その日は残った小銭でやたら堅いパンを2つ買うと、舌で溶かす様に時間を掛けて食べた。クリオ曰く、街の住人は紅茶に浸しながらこのパンを食べるのだと言う。
翌日からも二人は毎日の様に迷宮に潜り、俺達は着実に強くなって行った。
今や二人の首からぶら下がった紐に有るのは金銀の指輪ばかり。それも全てそれなりの力が付与された逸品ばかりだ。
ある日、迷宮から戻ると4人の不良たちに後を付けられ、路地裏へ追い込まれてしまった。不良の一人が脅して来る。

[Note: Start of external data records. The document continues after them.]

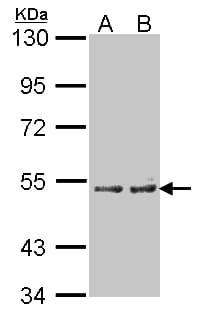 Polyclonal Rabbit anti-Human CYP4A11 Antibody (aa48-316, IHC, WB)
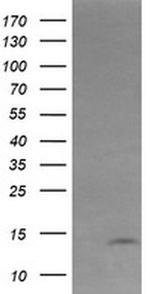 KRTAP2-4 Antibody in Western Blot (WB)
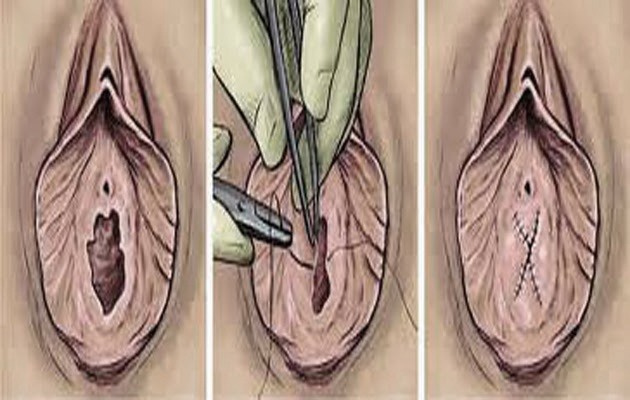 hymen reconstruction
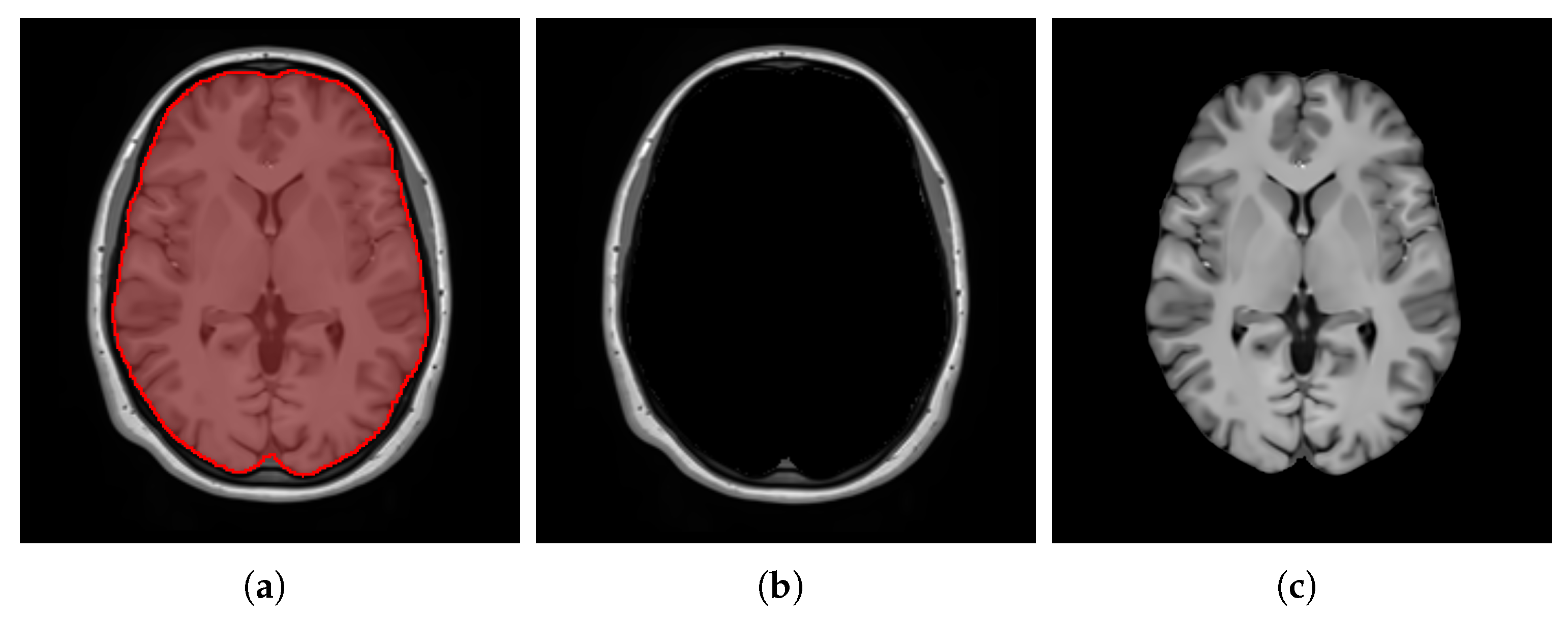 Bioengineering 12 00722 g007 Bioengineering 12 00722 g007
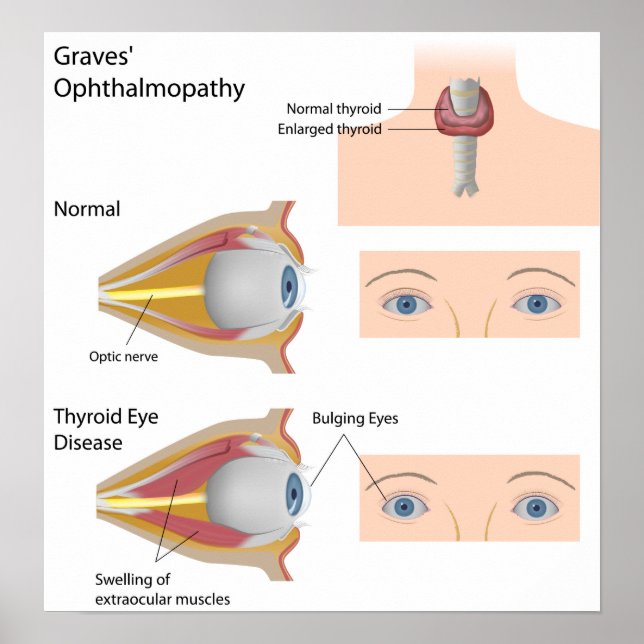 Thyroid eye disease Poster (Front)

「おい、最近羽振りが良いじゃねえか?金の指輪を売って大儲けしていたのを見たぜ?餓鬼には必要の無い大金じゃねえか?俺達が使ってやるよ。」
クリオの1.5倍はある大柄な不良は拳タコの出来た拳をぐっと突き出すと、口角を上げニキビだらけの頬が歪む。
実は最近この手の事は日常茶飯事だ。
何時もは持って居る小銭を全部路上に投げて、敵がそれを拾って居る間に逃げるのだが、今日は少し様子が違った。
クリオはその指に嵌められた銀色の指輪を一瞥した後、突然その腕を掴み捻り上げる。
「いでででで」
驚いた事に絶対に勝てないと思っていた相手を軽々と組み敷いてしまった。